Table 3 displays the number of trainable parameters and multiplier–adder operations for each model, respectively. It is apparent that decreasing the input image size significantly reduces the computational complexity of AI models.
Table 4 lists their breakdown of memory usage results when 8-bit quantization is employed. As we reduce the size of input images, we observe a significant decrease in the required memory usage. In the next section, we will run experiments to the corresponding object classification results.

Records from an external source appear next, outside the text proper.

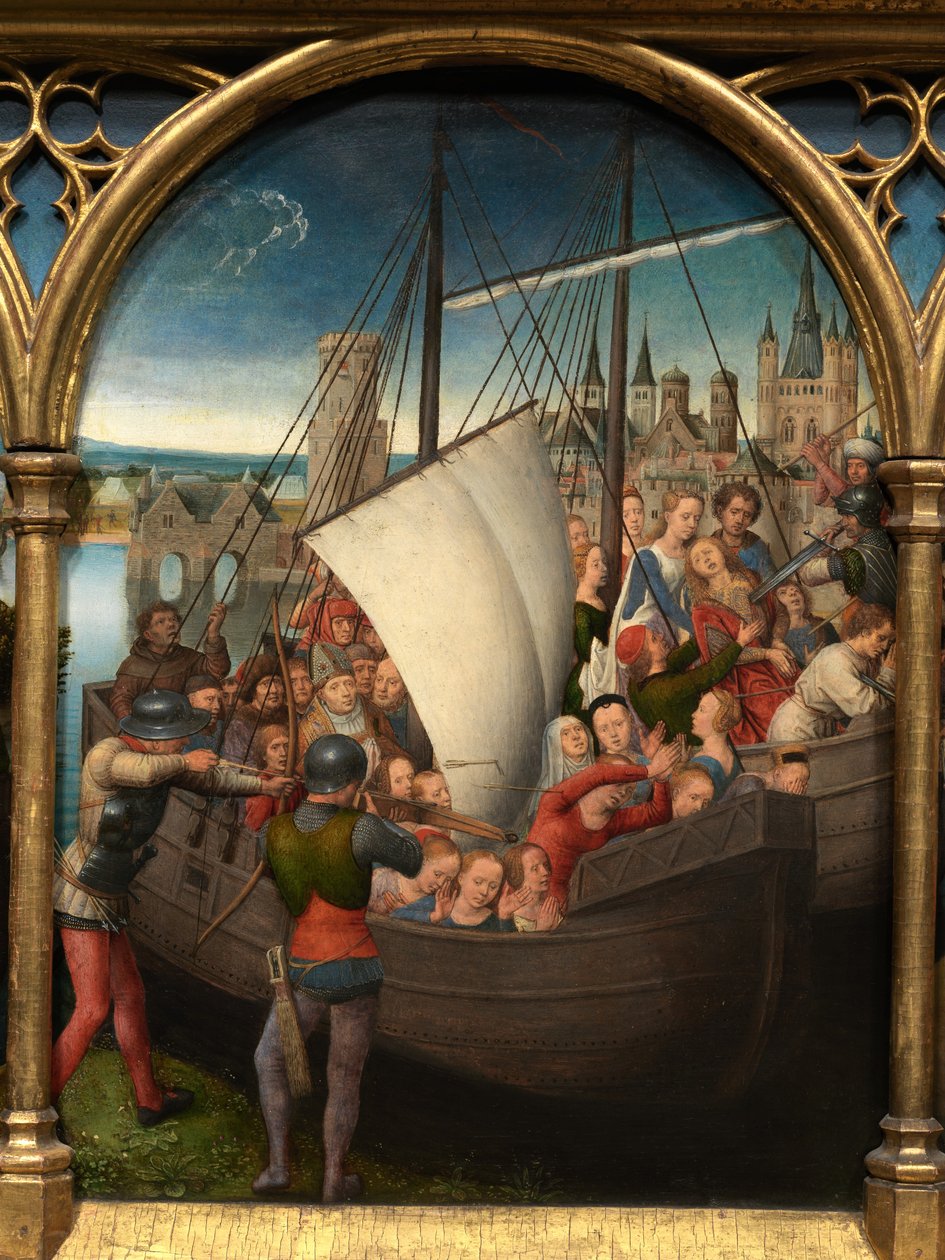 Detalhe da Relíquia de Santa Úrsula de Hans Memling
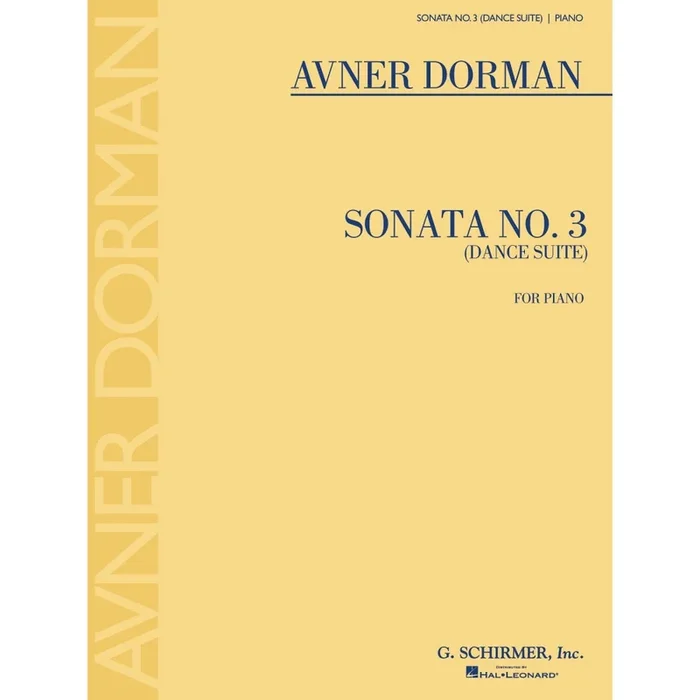 Dorman, Avner – Sonata No. 3 (Dance Suite)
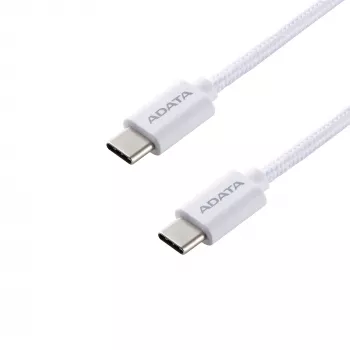 Cable USB-C a USB-C ADATA CACC-200PN-WH, USB 2.0, 2 m, blanco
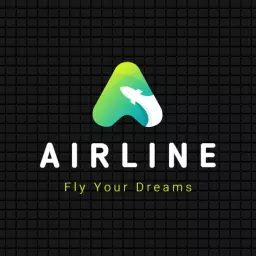 Dynamic Green to Yellow Gradient for Airline Services Logo Template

5. Conclusions and Future Works
One of the key challenges in robot vacuum cleaners is to develop lightweight AI models that enable the robot vacuum to effectively navigate and clean environments while using limited computational resources and memory. Lightweight AI models are easier to deploy and update in resource-limited devices, as they require less storage space and bandwidth. In this work, we propose low-bitwidth strong non-uniform quantization and use input image downsizing techniques to address the above challenge. The proposed strong non-uniform weight quantization provides the flexibility to allocate bits based on the weight distribution. It enables data-driven bit allocation schemes that adaptively assign more bits to important weights and fewer bits to less important ones. This adaptability helps to maximize the classification accuracy while maintaining a low bitwidth. Experimental results show that the proposed AI model can achieve comparable classification accuracy around 93%, while also reducing the memory footprint by a factor of 2. By adjusting the training image size and using low bitwidth non-uniform quantization, it is feasible to build an AI model that fits with a memory budget of 0.78 MB (that is a 20-fold memory reduction) and retains classification accuracy above 90%. Therefore, our proposed AI models may fit better into the available memory on robot vacuum cleaners, without worrying about performance degradation or even crashes.

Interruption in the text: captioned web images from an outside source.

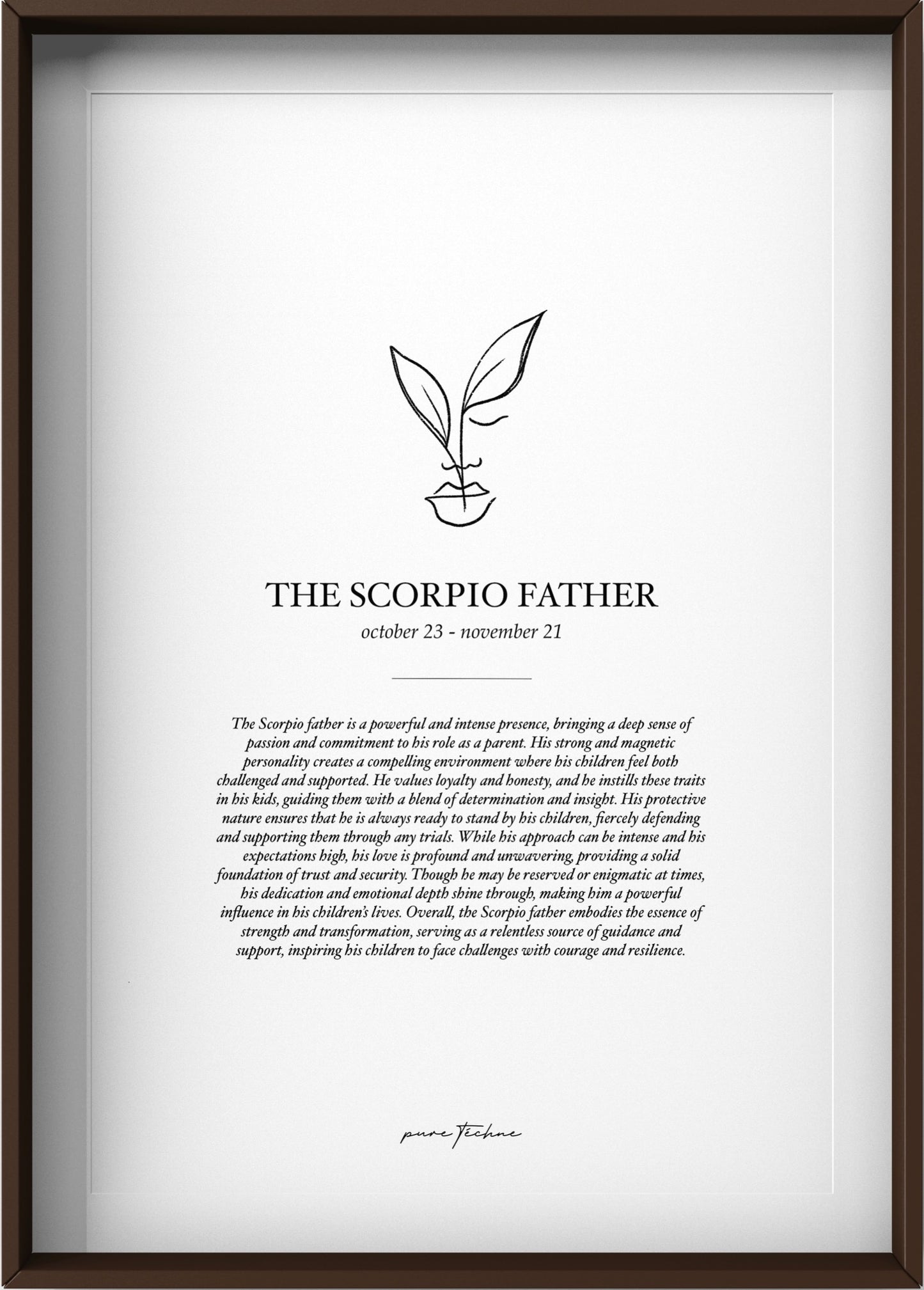 The Scorpio Father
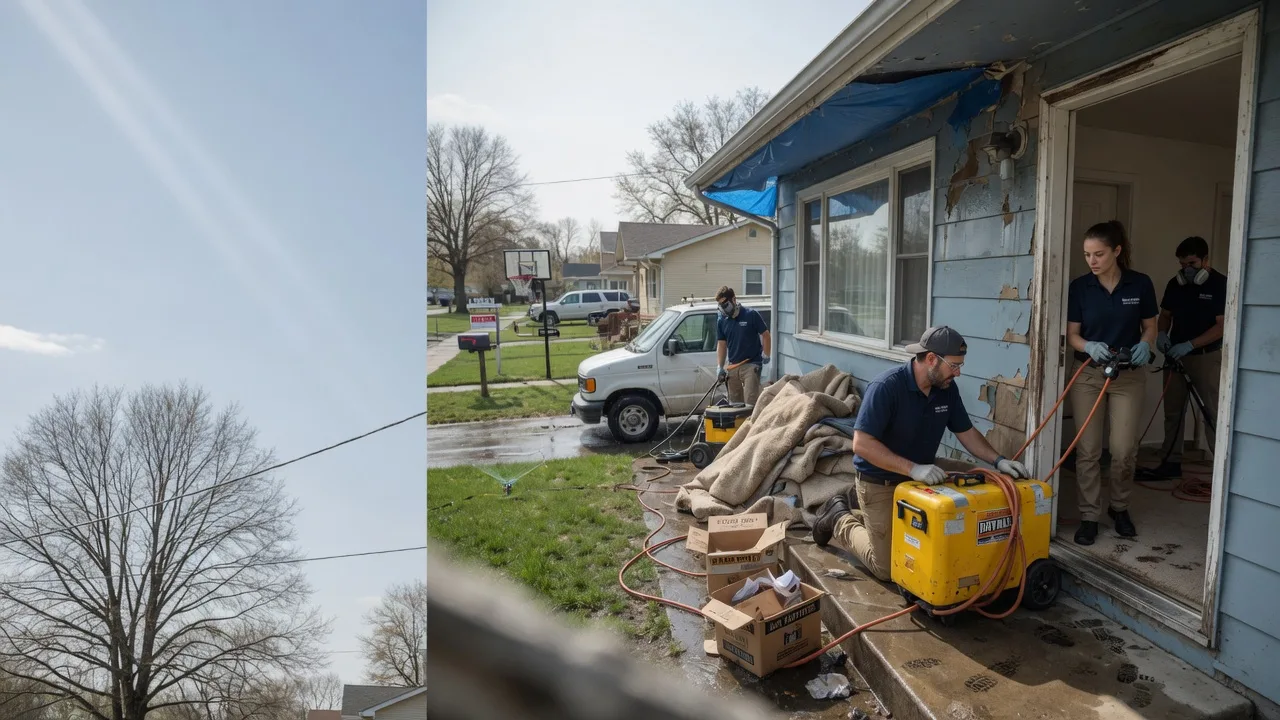 Basement Flood Cleanup in Centralia, KS near me
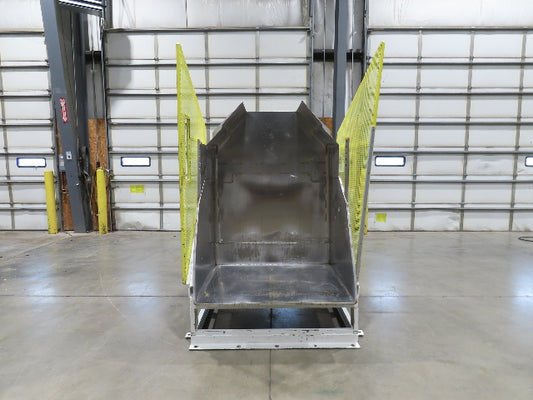 Hydraulic Tote Dumper Aluminum Gaylord Box Tipper 48x40" 1Hp 460V 3PH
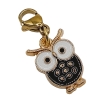 Eule Charm schwarz Clip Anhänger Bettelarmband Kinder Halloween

One area of future work is to investigate the impact of different quantization schemes on AI model performance. While strong non-uniform quantization has shown promising results, there may be other quantization schemes that could achieve even better performance or memory reduction. There may exist an optimal quantization technique for each individual network layer of AI models. It is interesting to explore how non-uniform quantization could be combined with other techniques, such as network pruning or knowledge distillation, to create even more efficient and accurate AI models.
Right now, we provide simulation results using PyTorch Platform on GPU machines for fast evaluation and assessment. The PyTorch Platform reports the memory usage information and object classification accuracy. This is a typical way for machine learning researchers to evaluate new quantization methods. Our proposed model can be applied to the real world (i.e., integration the trained AI model within a robotic vacuum cleaner) with the technical support of robotic vacuum manufacturers. Since it is a time-consuming process to negotiate and interact with interested robotic vacuum manufacturers, we have not implemented it in robotic vacuum cleaners now. We will continue to make efforts to apply our developed AI model to the real world.